Despite objections from Israel and the U.S., both of which continue to advocate their preference for a negotiated solution to the ongoing conflict between Israel and the P.A., Palestinians are moving forward unilaterally in their pursuit for international recognition as a state, as reported by Digital Journal.
The move places tremendous pressure on the United States at a time when the Arab world is springing with revolutionary activity against authoritarian regimes, placing the Americans in an awkward position where it either may veto the Palestinian request outright, or turn their backs on Israel, one of the United States' closest allies.
As one of the five permanent members of the U.N. Security Council, the U.S.—along with the United Kingdom, China, Russia and France—holds veto power over any motion brought before the council, enabling any of the five to vote any resolution down despite support from the remaining members of the council or the General Assembly.
Ashrawi has urged the U.S. to abstain from taking part in the Security Council vote if it would not outright support the motion for Palestinian statehood.
The Post reports that even if the U.S. vetoes the Palestinian motion as expected, the request is likely to receive majority support from the General Assembly, which the U.N. requires to grant "non-member state" status to a potential state. However, this would only be a symbolic victory that would not empower Palestinians' challenging of the Israeli occupation of the Gaza Strip, West Bank and East Jerusalem.
Ashwari said the precise wording of their statehood bid is still being drafted and was unsure whether wording regarding border details or claims of East Jerusalem as a future capital would be included. The eastern portion of the city is traditionally Arabic, however the current Israeli government insists on retaining sovereignty over the entire city, the Post reported.
YNet reports the P.A. is intentionally scheduling Abbas' speech on Sept. 23—a Friday—which is a day the international Arab community holds mass prayers, and since the beginning of the Arab spring, has become a day of protest against authoritarian regimes.

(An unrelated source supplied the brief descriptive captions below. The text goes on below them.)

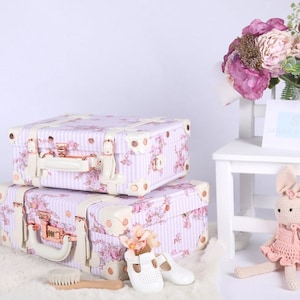 Keepsake Suitcase In Vintage Floral, Baby Suitcase, Memory Case, Baby Memory Storage Case, Keepsake Box, Vintage Suitcase, Mothers Day Gift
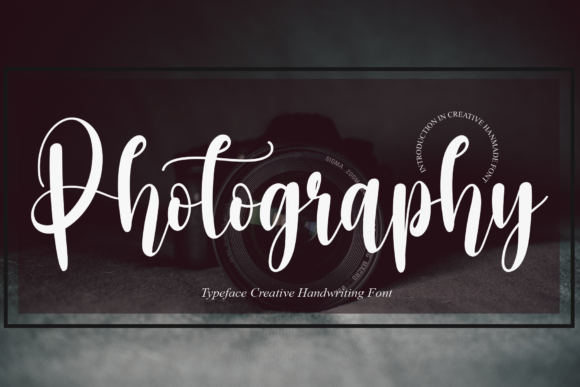 Photography Font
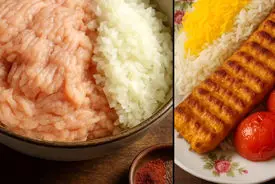 چلو کباب کوبیده مرغ به سبک خونه‌ مادربزرگا + فیلم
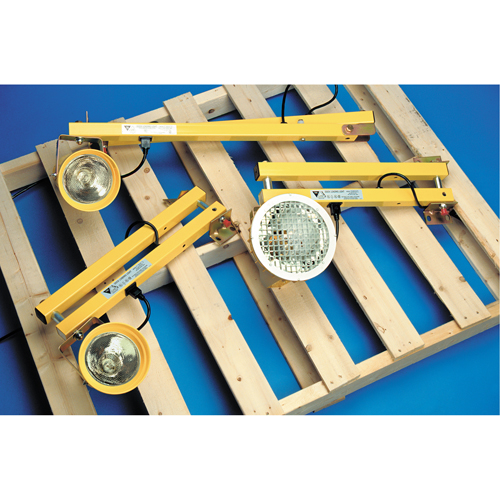 Dock Lights, 60" Arm, Incandescent Lamp, Metal Duraquip Inc
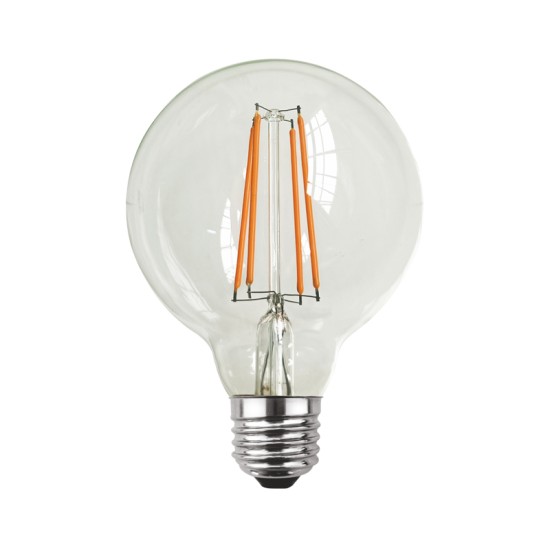 LED FILAMENT E27 G95 8W 4000K 230V AC 900LM RA80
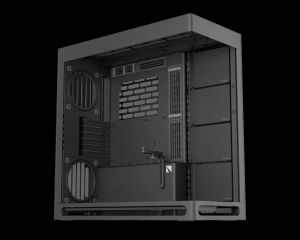 HS 420 Base Edition Black / Hybrid structure mid tower case for 420 rad, base edition, black color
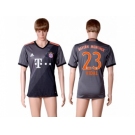 Bayern Munchen #23 Vidal Away Soccer Club Jersey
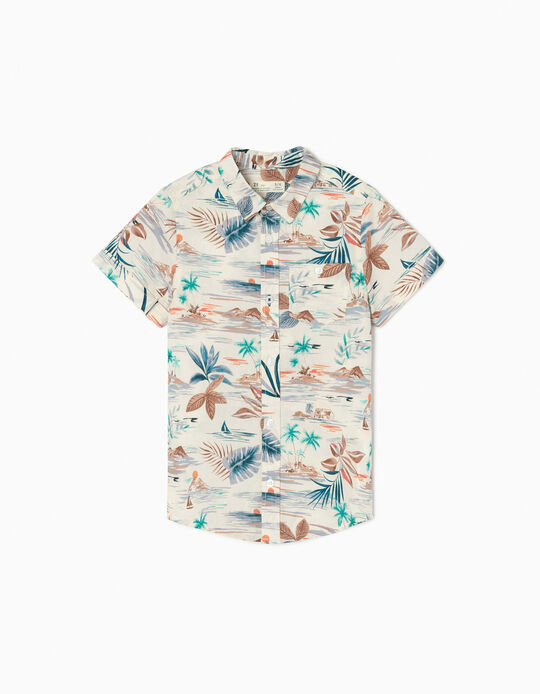 Comprar Online Camisa com Padrão para Menino, Multicolor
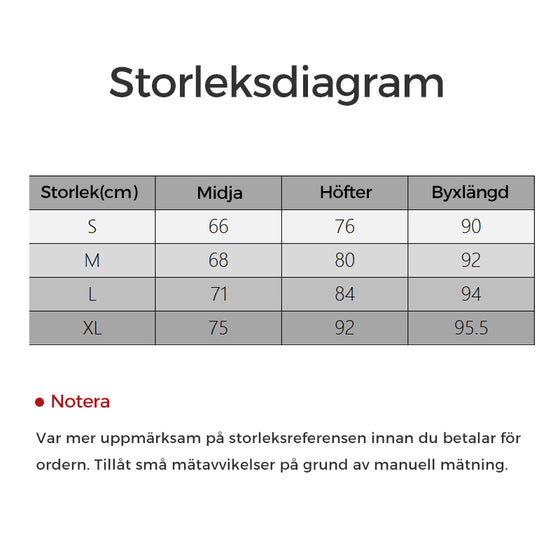 Leggings med hög midja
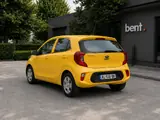 Yellow Kia Picanto rental in Georgia
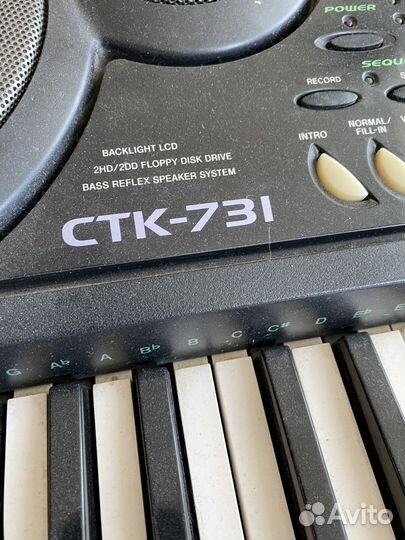 Синтезатор casio CTK-731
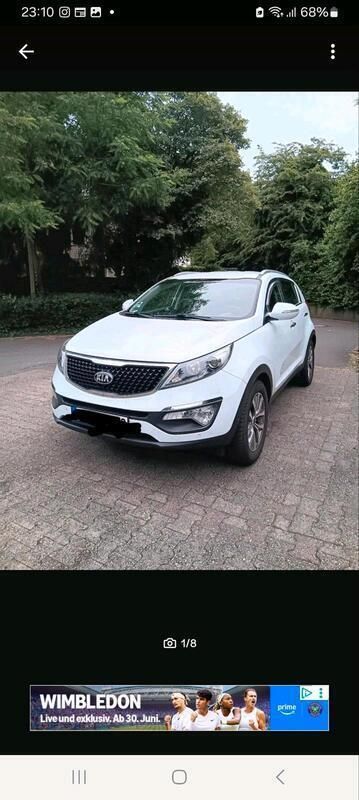 Weiß Gebraucht 2016 Kia Sportage SUV | 11.000 € - Bild 1/4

It is hoped the Palestinian bid for statehood will draw mass support from people in cities not only in the Arab world, but in the West as well.
Although both the United States and Israel favour a negotiated settlement, it is unlikely the P.A. will back down from its U.N. bid.
"When it comes to September, we have reached a point of no return," a senior Palestinian official told YNet. "Even if negotiations with Israel suddenly begin, we cannot retreat from turning to the UN."